CS 3721
Programming Languages  
Spring 2013
Recitation 1.   No GOTO
Week 1: Jan 14-18

Submit following directions at: submissions and rules at: rules. Deadlines are:
  • 2013-01-22  23:59:59 (that's Tue, 22 Jan 2013, 11:59:59 pm) for full credit.
  • 2013-01-25  23:59:59 (that's Fri, 25 Jan 2013, 11:59:59 pm) for 75% credit.

List of names of students submitting, final list: Rec1 Submissions.

1. Overview: This recitation is concerned with the goto statement, which is a part of most languages, with the notable exception of Java. More than 40 years ago, computer scientists recognized that programs written with gotos were often much more difficult to comprehend than those without gotos. This was part of the structured programming revolution, initiated in 1968 by E. Dijkstra, a Dutch computer scientist: Dijkstra's original article. For these and other reasons the use of the goto statement has been discouraged, to the point where the statement is often not even taught to beginning C or C++ programmers.

Dijkstra later made clear that the goto itself was not necessarily bad if it was used for an orderly termination of a loop (as with a break statement).

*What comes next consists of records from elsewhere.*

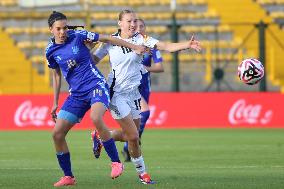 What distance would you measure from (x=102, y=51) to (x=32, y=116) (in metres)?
14.6

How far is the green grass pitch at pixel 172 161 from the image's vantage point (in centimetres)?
1143

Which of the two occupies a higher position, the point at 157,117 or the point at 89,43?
the point at 89,43

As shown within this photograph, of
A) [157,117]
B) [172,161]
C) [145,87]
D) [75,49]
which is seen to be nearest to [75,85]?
[75,49]

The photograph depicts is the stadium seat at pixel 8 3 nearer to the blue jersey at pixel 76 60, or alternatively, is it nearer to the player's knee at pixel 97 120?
the blue jersey at pixel 76 60

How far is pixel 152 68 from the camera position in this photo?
15.8m

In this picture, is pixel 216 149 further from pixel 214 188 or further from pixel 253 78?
pixel 214 188

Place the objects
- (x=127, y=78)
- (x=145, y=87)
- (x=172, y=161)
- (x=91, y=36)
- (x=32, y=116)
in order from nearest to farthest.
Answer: (x=91, y=36)
(x=127, y=78)
(x=172, y=161)
(x=145, y=87)
(x=32, y=116)

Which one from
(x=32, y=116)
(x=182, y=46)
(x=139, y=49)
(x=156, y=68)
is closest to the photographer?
(x=182, y=46)

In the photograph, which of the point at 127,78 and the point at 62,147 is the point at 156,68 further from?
the point at 62,147

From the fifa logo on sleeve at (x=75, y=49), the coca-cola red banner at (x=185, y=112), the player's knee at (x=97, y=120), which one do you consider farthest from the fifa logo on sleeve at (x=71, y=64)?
the coca-cola red banner at (x=185, y=112)

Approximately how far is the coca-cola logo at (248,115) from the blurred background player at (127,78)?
46.5 feet

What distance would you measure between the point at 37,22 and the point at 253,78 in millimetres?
20012

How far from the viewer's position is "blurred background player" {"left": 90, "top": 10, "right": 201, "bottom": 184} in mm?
11664

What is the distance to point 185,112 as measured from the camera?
26703 millimetres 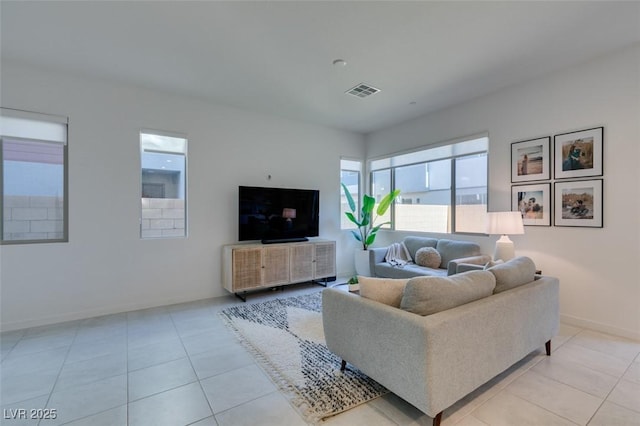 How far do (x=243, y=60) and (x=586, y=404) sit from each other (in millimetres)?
4255

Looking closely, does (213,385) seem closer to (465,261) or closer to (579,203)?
(465,261)

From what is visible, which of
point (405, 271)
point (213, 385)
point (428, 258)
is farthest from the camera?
point (428, 258)

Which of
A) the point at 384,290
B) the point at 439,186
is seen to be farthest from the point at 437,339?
the point at 439,186

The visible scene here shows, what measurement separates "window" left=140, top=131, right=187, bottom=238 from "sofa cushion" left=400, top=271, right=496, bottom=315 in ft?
11.9

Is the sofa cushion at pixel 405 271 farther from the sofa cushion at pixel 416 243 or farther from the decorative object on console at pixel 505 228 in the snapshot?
the decorative object on console at pixel 505 228

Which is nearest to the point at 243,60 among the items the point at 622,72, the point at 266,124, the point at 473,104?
the point at 266,124

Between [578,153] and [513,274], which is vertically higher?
[578,153]

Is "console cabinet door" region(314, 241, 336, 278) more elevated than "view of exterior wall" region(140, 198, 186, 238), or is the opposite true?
"view of exterior wall" region(140, 198, 186, 238)

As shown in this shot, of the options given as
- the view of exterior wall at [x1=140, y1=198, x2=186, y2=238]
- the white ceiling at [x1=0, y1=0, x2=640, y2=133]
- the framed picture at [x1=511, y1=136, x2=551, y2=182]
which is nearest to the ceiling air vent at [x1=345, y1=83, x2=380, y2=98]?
the white ceiling at [x1=0, y1=0, x2=640, y2=133]

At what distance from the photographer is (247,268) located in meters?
4.32

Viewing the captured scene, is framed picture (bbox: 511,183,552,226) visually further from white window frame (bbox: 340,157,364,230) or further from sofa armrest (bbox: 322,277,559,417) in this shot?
white window frame (bbox: 340,157,364,230)

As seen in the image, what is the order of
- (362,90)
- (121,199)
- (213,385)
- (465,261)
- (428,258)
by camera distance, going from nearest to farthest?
1. (213,385)
2. (465,261)
3. (121,199)
4. (362,90)
5. (428,258)

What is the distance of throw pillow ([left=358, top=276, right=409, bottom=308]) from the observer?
2.03 metres

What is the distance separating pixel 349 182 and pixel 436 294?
15.1 feet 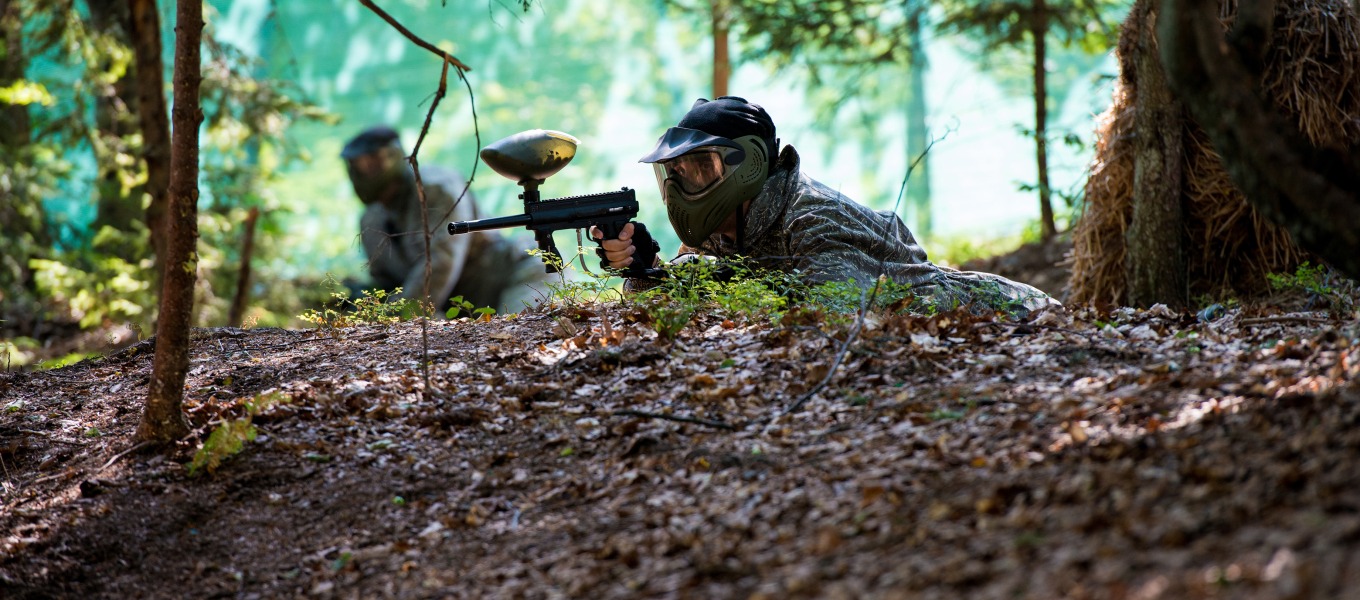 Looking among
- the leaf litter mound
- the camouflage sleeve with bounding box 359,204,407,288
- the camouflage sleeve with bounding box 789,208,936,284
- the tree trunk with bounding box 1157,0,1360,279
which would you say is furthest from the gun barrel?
the camouflage sleeve with bounding box 359,204,407,288

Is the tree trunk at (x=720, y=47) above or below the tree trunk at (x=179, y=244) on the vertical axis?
above

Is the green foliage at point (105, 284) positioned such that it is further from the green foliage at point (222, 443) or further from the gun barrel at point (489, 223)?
the green foliage at point (222, 443)

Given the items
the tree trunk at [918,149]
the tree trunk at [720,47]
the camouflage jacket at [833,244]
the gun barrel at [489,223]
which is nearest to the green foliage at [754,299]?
the camouflage jacket at [833,244]

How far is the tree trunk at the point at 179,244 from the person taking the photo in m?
4.29

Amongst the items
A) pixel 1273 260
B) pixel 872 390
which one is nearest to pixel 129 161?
pixel 872 390

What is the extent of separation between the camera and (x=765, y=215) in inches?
249

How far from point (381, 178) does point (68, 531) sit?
868 cm

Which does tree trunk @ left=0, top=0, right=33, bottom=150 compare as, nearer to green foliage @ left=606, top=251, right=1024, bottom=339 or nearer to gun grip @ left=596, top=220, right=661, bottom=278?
gun grip @ left=596, top=220, right=661, bottom=278

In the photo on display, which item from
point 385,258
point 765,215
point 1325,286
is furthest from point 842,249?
point 385,258

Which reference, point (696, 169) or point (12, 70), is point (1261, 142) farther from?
point (12, 70)

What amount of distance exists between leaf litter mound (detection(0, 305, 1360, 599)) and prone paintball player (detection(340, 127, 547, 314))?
21.1ft

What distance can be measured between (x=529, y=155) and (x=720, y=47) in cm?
677

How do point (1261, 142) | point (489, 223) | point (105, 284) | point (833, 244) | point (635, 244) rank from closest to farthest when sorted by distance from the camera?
1. point (1261, 142)
2. point (489, 223)
3. point (833, 244)
4. point (635, 244)
5. point (105, 284)

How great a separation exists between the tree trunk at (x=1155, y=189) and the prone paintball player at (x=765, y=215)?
1.29 meters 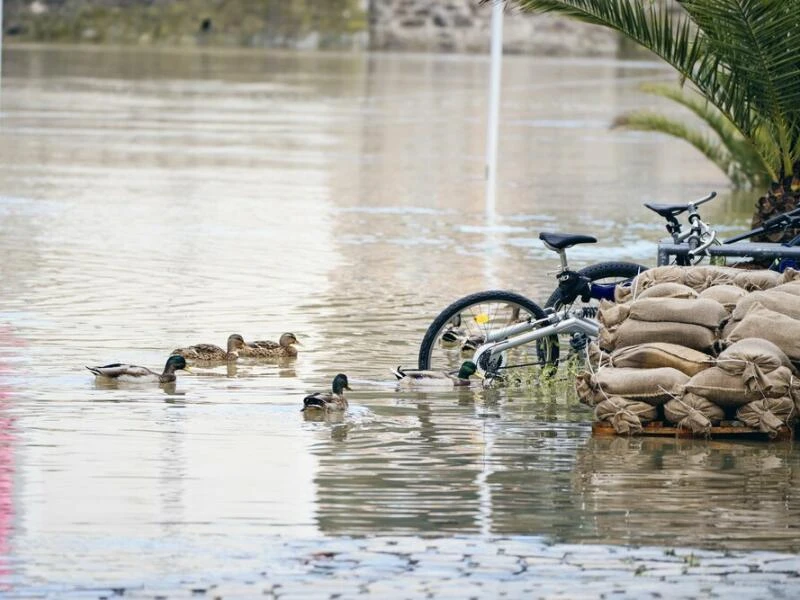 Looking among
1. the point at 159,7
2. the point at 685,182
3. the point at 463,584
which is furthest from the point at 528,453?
the point at 159,7

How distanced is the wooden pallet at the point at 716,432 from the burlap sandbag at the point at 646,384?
128 mm

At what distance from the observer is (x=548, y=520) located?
322 inches

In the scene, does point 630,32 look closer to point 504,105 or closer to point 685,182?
point 685,182

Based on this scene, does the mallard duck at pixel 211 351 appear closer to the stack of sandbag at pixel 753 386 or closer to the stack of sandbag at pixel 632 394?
the stack of sandbag at pixel 632 394

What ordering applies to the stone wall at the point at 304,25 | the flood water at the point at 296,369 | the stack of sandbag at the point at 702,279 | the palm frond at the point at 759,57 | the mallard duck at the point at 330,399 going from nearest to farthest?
1. the flood water at the point at 296,369
2. the mallard duck at the point at 330,399
3. the stack of sandbag at the point at 702,279
4. the palm frond at the point at 759,57
5. the stone wall at the point at 304,25

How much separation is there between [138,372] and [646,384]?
280 cm

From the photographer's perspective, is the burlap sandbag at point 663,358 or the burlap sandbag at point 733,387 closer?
the burlap sandbag at point 733,387

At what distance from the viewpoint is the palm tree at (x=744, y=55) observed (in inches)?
512

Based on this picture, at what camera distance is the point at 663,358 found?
33.7 feet

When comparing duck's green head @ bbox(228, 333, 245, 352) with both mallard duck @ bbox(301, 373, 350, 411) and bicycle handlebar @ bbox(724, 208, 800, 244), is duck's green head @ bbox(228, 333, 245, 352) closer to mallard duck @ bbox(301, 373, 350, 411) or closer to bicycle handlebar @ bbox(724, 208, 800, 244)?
mallard duck @ bbox(301, 373, 350, 411)

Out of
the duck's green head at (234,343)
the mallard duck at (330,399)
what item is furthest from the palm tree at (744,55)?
the mallard duck at (330,399)

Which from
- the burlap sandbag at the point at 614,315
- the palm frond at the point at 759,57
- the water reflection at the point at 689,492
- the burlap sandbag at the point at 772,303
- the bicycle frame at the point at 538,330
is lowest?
the water reflection at the point at 689,492

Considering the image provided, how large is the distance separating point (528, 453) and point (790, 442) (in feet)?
4.54

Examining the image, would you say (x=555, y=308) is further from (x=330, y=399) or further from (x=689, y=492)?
(x=689, y=492) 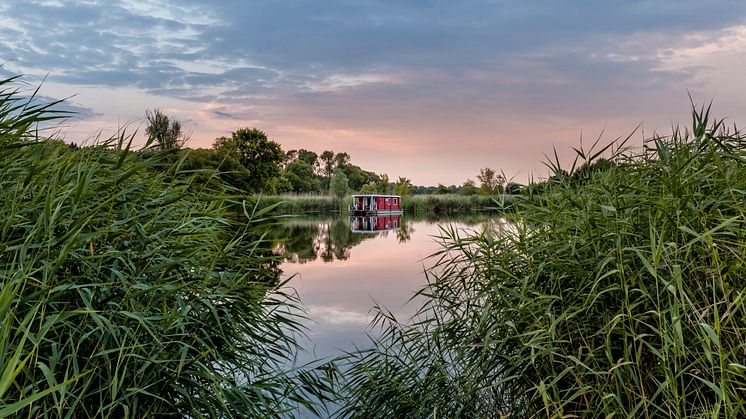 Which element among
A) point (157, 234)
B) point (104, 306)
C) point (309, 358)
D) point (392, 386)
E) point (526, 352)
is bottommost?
point (309, 358)

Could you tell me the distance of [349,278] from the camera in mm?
12320

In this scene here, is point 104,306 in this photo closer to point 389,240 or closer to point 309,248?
point 309,248

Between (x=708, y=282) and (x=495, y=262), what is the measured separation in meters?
1.17

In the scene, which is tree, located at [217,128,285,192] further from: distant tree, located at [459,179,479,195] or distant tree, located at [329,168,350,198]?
distant tree, located at [459,179,479,195]

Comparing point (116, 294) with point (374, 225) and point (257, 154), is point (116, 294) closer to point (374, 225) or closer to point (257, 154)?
point (374, 225)

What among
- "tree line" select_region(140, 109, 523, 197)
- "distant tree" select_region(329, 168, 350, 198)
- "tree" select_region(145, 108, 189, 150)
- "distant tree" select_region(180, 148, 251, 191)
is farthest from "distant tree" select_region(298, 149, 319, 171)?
"tree" select_region(145, 108, 189, 150)

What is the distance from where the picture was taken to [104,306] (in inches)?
95.8

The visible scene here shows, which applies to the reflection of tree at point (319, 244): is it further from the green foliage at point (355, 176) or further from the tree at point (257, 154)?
the green foliage at point (355, 176)

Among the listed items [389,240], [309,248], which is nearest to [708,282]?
[309,248]

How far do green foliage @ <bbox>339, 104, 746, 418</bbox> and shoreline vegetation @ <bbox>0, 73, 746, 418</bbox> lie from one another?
2 centimetres

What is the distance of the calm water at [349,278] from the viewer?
7.12 metres

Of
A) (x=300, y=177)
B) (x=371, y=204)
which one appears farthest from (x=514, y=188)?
(x=300, y=177)

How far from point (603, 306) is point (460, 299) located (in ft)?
3.35

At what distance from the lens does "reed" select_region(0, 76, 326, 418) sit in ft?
7.16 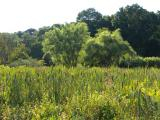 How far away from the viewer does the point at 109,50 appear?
5228cm

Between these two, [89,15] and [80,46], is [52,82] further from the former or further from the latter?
[89,15]

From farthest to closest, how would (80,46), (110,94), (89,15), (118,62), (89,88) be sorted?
(89,15) → (80,46) → (118,62) → (89,88) → (110,94)

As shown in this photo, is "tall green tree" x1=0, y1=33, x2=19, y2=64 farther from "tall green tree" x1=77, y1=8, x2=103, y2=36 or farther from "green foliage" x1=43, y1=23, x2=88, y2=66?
"tall green tree" x1=77, y1=8, x2=103, y2=36

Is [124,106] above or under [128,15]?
under

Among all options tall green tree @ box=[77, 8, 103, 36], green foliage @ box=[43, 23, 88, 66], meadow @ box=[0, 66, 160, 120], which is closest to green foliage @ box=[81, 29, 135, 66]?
green foliage @ box=[43, 23, 88, 66]

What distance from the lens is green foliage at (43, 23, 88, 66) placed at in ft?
211

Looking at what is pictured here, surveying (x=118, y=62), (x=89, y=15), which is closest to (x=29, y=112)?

The Java language has no goto, but it has a break statement to break out of a loop (as with C and C++), and the more complicated labeled break which lets one break out of multiple nested loops. Java also has a continue statement which lets one skip the remainder of a loop and start over at the header.

Some sophisticated Java books (such as those by Horstmann) never use break or continue and discourage its use. Horstmann also never uses the Java switch statement, mainly because it's too error prone (if you leave off a break from a switch clause, execution of that clause will fall through and execute the next clause).

One issue that might bother students is: what if you had a program written with gotos whose logic was so complicated that you could not understand it. It turns out that there are powerful theoretical results which show that one can always rewrite to get a gotoless program. It's also possible to do without break and continue, but we won't discuss that further here.

    • Any program written using gotos can be rewritten without gotos
      so that it carries out exactly the same computation.

    • It is not necessary to understand the program in order to rewrite it.

This recitation illustrates the above result starting with a moderately confusing initial program with gotos. The whole idea is not to unravel the logic of this weird program, but to see that it can be transformed to a program without gotos, and without understanding how the program works.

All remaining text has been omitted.